# [Data supplied]
----------

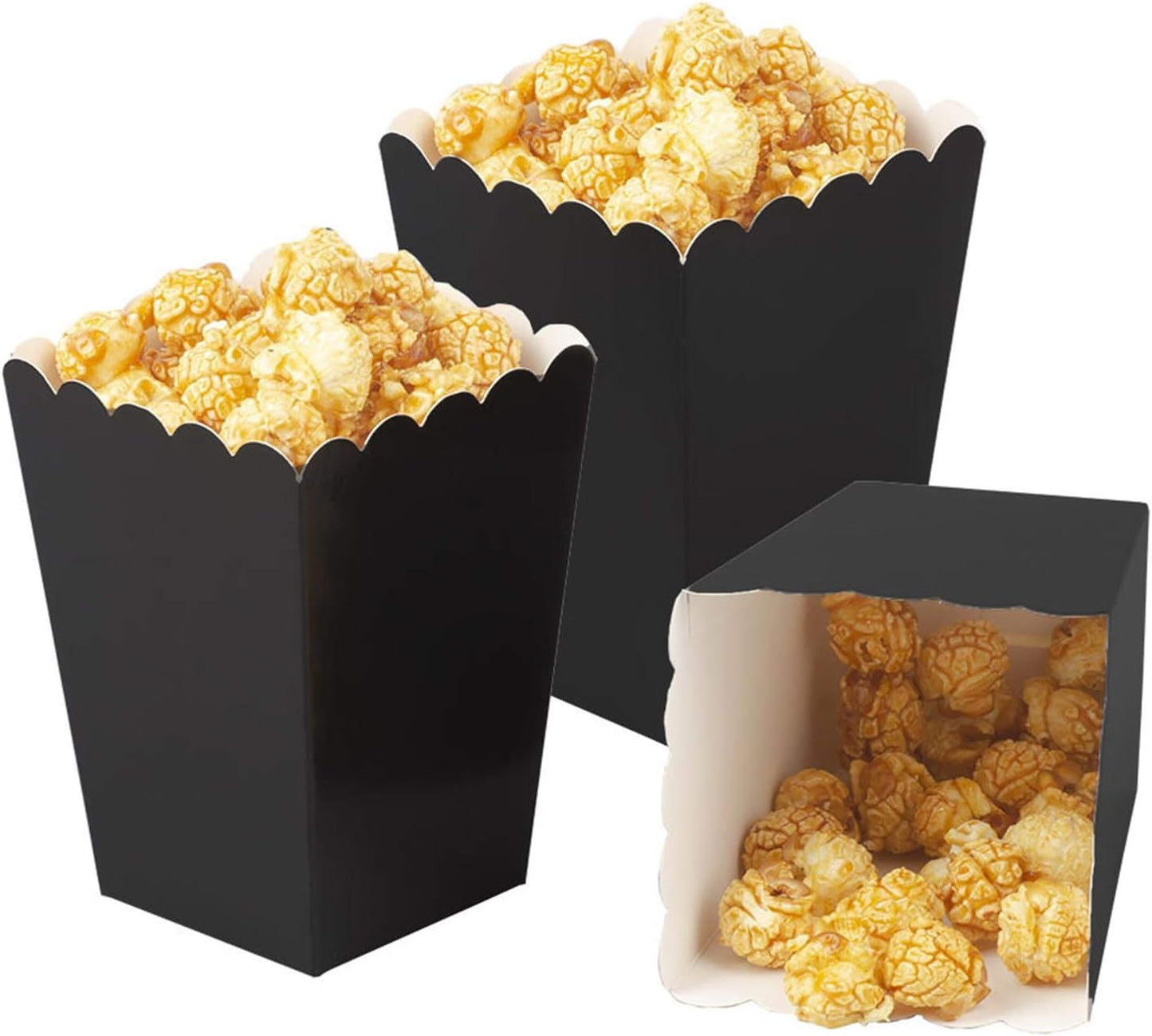 Black Popcorn Boxes Mini Paper Popcorn Box Cardboard Popcorn Container for Party, Pack of 24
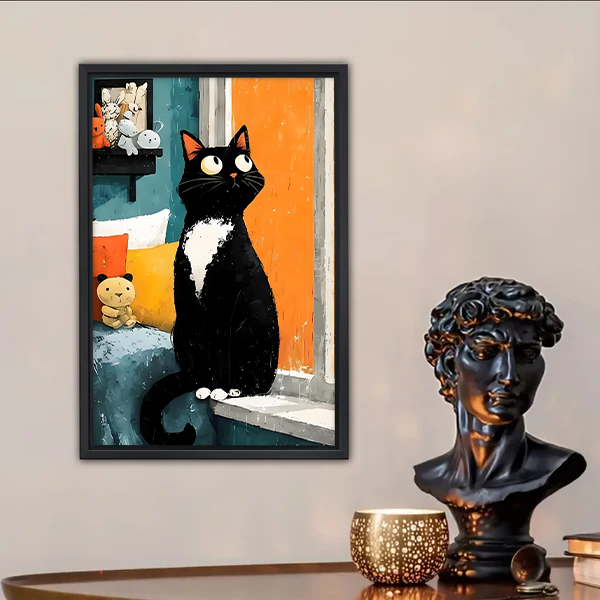 Wide-eyed cat art print in black frame, vibrant oil painting of black and white cat at window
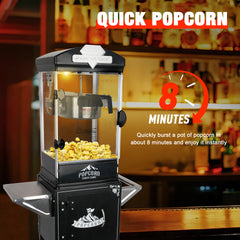 Popcorn Machine with Cart ,Wheels & 10 Oz Kettle Popcorn Maker Measuring 3 plastic spoon Home Theater Popcorn Machine-Black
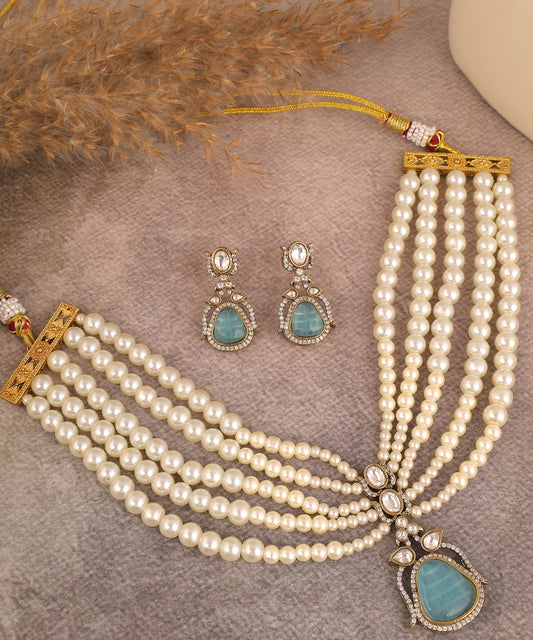Teal Blue Layered Pearl Choker With Polki Statement Drop
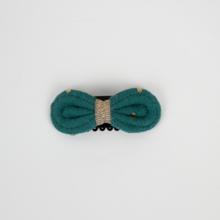 Barrette Noeud Anti-Glisse gaze pois or eucalyptus
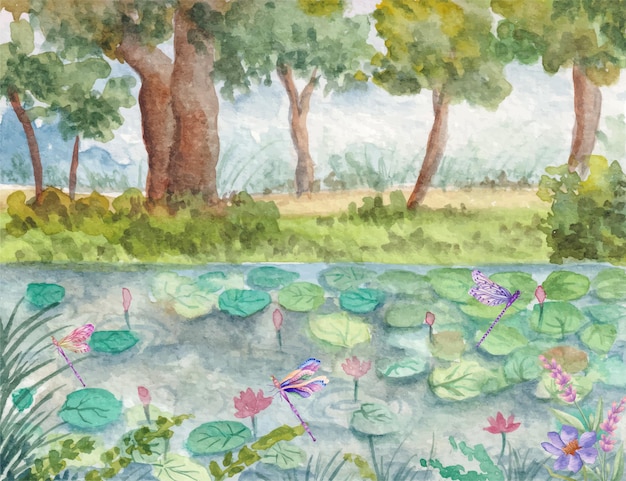 Fondo de paisaje de vista de estanque de primavera de acuarela pintada a mano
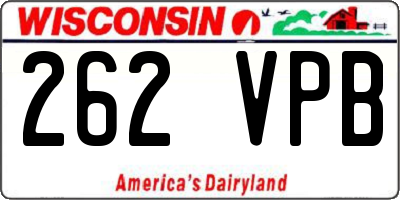 WI license plate 262VPB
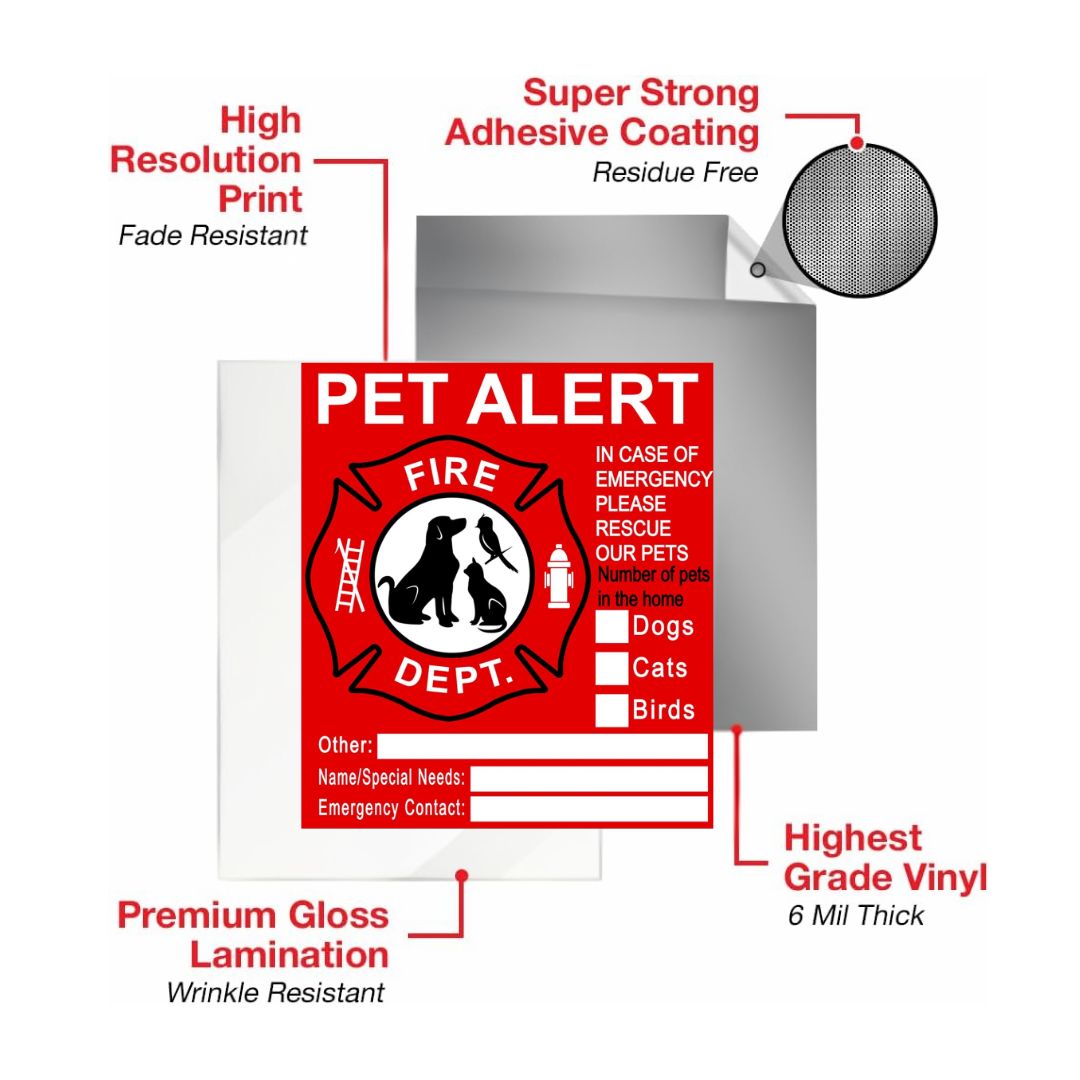 RescueGuard Emergency Pet Alert Window Sticker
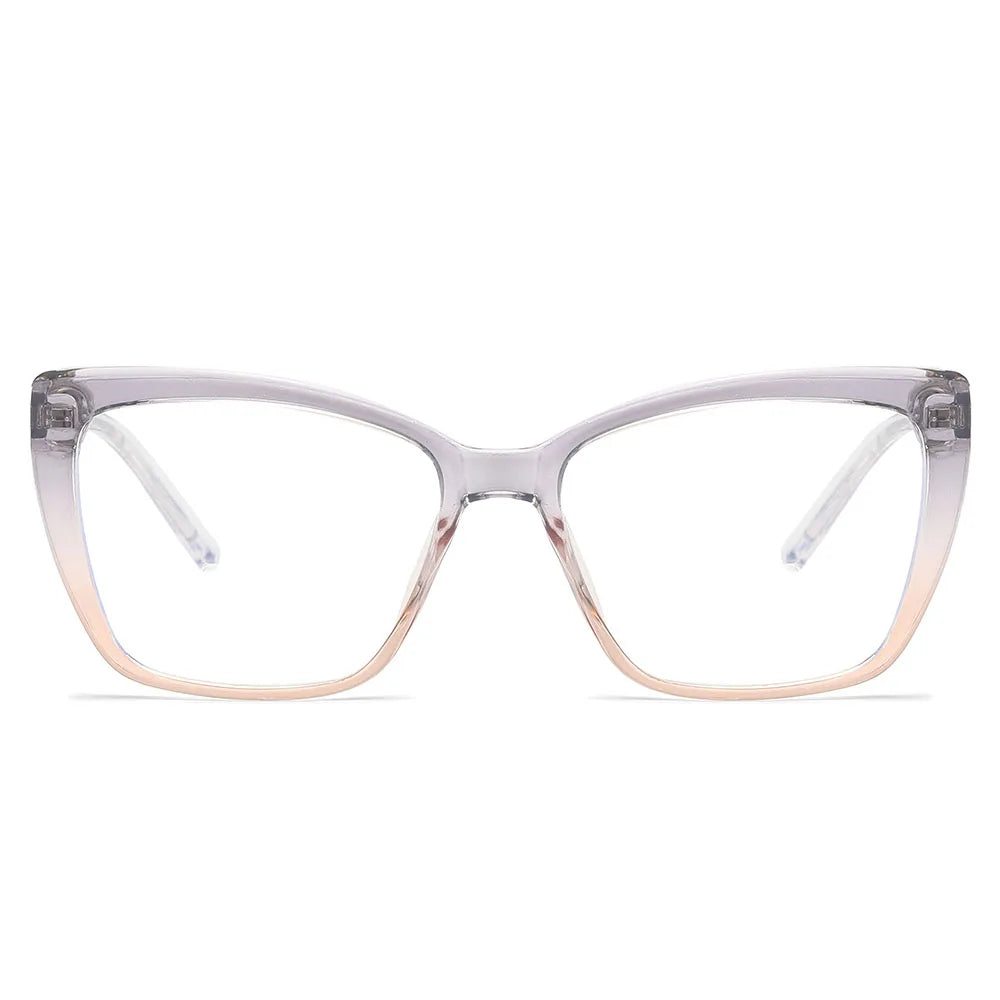The AABV Womens Cat Eye Bifocal Reading Glasses feature a stylish gradient frame transitioning from clear to peach, and are perfect computer prescription readers. Their clear lenses provide a bold, elegant, and modern look.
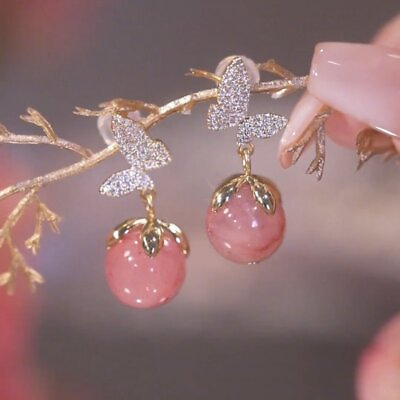 #ad Fashion Butterfly Crystal Earrings Stud Drop Dangle Wedding Women Jewelry Gifts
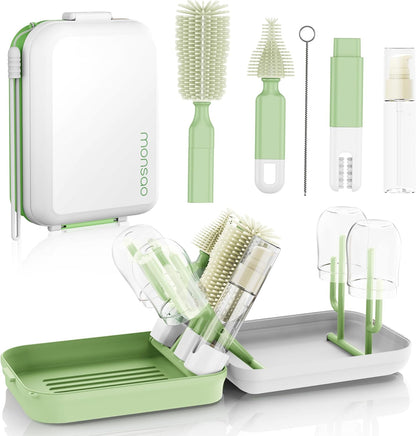 Baby Bottle Brush Set with Drying Rack, Portable Silicone Bottle Cleaner Kit for Bottles, Nipples and Straws, Travel Storage Box for Home and On-The-Go Use（Pink）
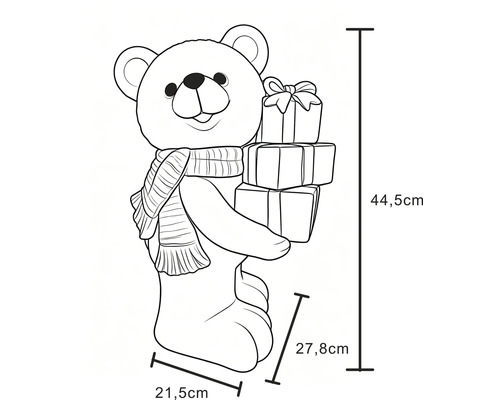 Technische tekening kerstbeer met sjaal en cadeaus, afmetingen: hoogte 44,5 centimeter, breedte 21,5 centimeter, diepte 27,8 centimeter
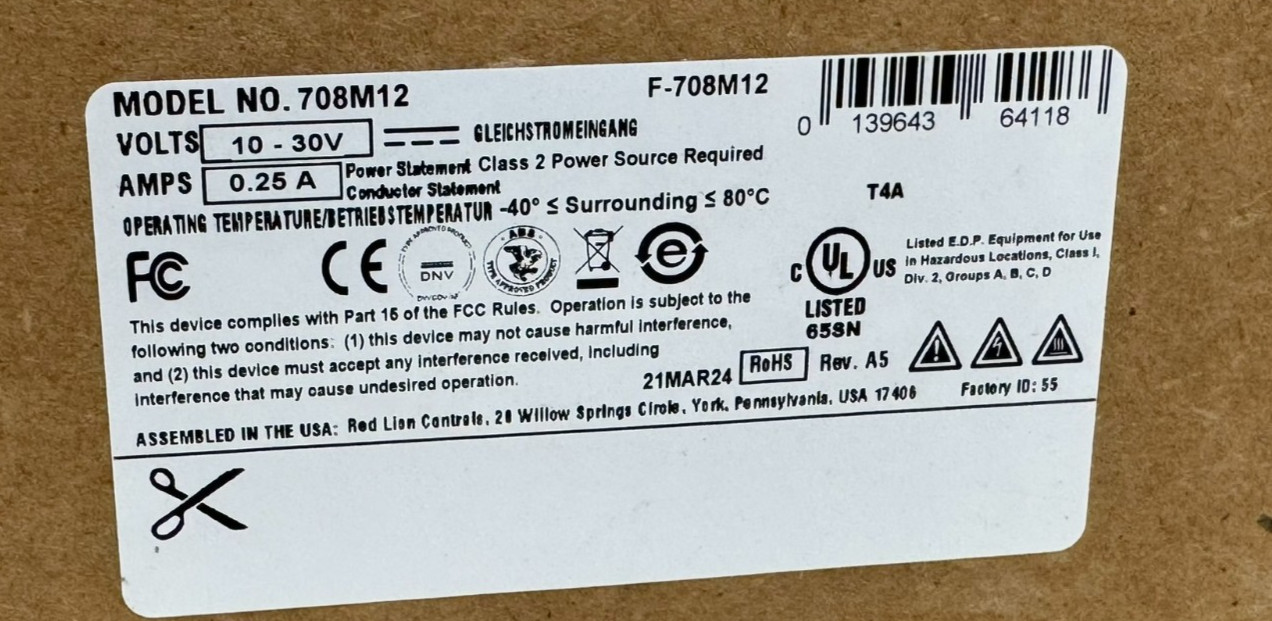 NEW SEALED RED LION N-TRON 708M12 INDUSTRIAL ETHERNET SWITCH F-708M12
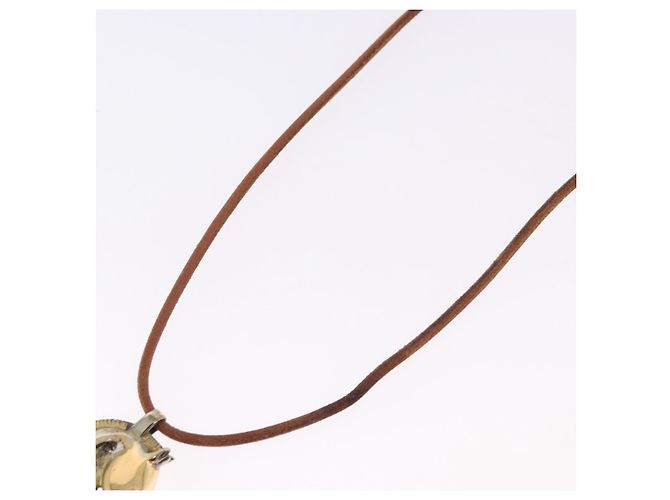 Hermès Collar HERMES Shuval de cuero marrón Auth bs36204 Castaño - vista 9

----------

# [Task description]
Every entry above has to be repeated exactly, apart from its pictures.

# [Solution to this task]
 Black Popcorn Boxes Mini Paper Popcorn Box Cardboard Popcorn Container for Party, Pack of 24
 Wide-eyed cat art print in black frame, vibrant oil painting of black and white cat at window
 Popcorn Machine with Cart ,Wheels & 10 Oz Kettle Popcorn Maker Measuring 3 plastic spoon Home Theater Popcorn Machine-Black
Teal Blue Layered Pearl Choker With Polki Statement Drop
 Barrette Noeud Anti-Glisse gaze pois or eucalyptus
 Fondo de paisaje de vista de estanque de primavera de acuarela pintada a mano
 WI license plate 262VPB
 RescueGuard Emergency Pet Alert Window Sticker
The AABV Womens Cat Eye Bifocal Reading Glasses feature a stylish gradient frame transitioning from clear to peach, and are perfect computer prescription readers. Their clear lenses provide a bold, elegant, and modern look.
 #ad Fashion Butterfly Crystal Earrings Stud Drop Dangle Wedding Women Jewelry Gifts
 Baby Bottle Brush Set with Drying Rack, Portable Silicone Bottle Cleaner Kit for Bottles, Nipples and Straws, Travel Storage Box for Home and On-The-Go Use（Pink）
 Technische tekening kerstbeer met sjaal en cadeaus, afmetingen: hoogte 44,5 centimeter, breedte 21,5 centimeter, diepte 27,8 centimeter
 NEW SEALED RED LION N-TRON 708M12 INDUSTRIAL ETHERNET SWITCH F-708M12
 Hermès Collar HERMES Shuval de cuero marrón Auth bs36204 Castaño - vista 9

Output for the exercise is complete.